Thursday, September 18, 2008

The Zen Teaching of Rinzai


The Zen Teaching of Rinzai (The Record of Rinzai) by Irmgard Schloegl

Rinzai was the founder of one of the Main Schools of Zen Buddhism. This record of his life, written by his disciple, is one of the main texts of Zen. It contains the teachings, episodes from his training, and from his teaching career. This is the first complete translation of this important Zen text into the English Language.

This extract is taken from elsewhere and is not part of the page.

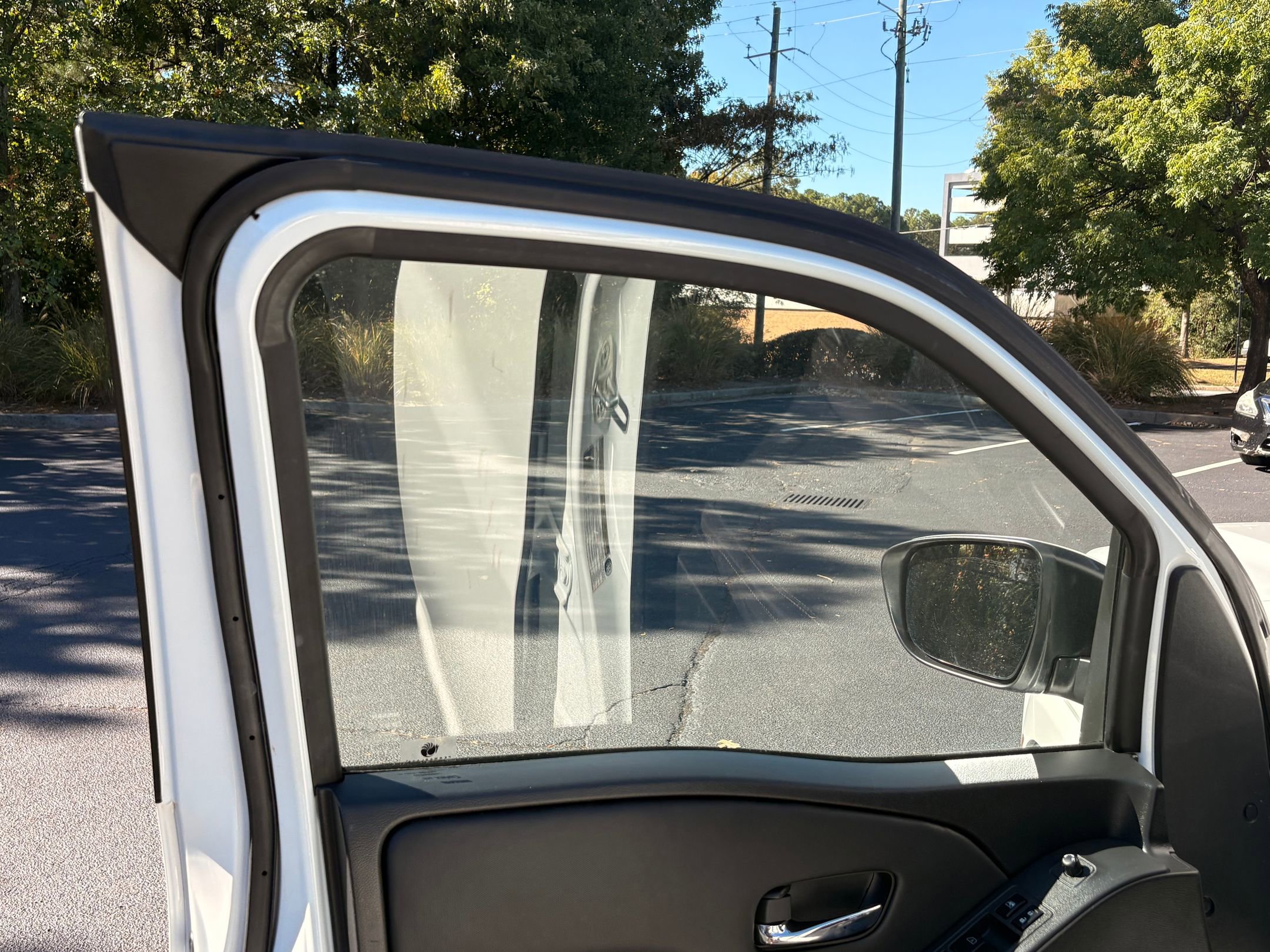 Used 2023 Nissan Frontier SV image 22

“The Record of Rinzai’s teachings, the Lin-Chi Lu (Japanese Rinzai Roku), shows a character of immense vitality and originality, lecturing his students in informal and often somewhat “racy” language. It is as if Rinzai were using the whole strength of his personality to force the student into immediate awakening. Again and again he berates them for not having enough faith in themselves, for letting their minds ‘gallop around’ in search of something which they have never lost, and which is ‘right before you at this very moment.’ Awakening for Rinzai seems primarily a matter of ‘nerve’— the courage to ‘let go’ without further delay in the unwavering faith that one’s neutral, spontaneous functioning is the Buddha mind. His approach to conceptual Buddhism, to the students’ obsession with stages to be reached and goals to be attained, is ruthlessly iconoclastic.”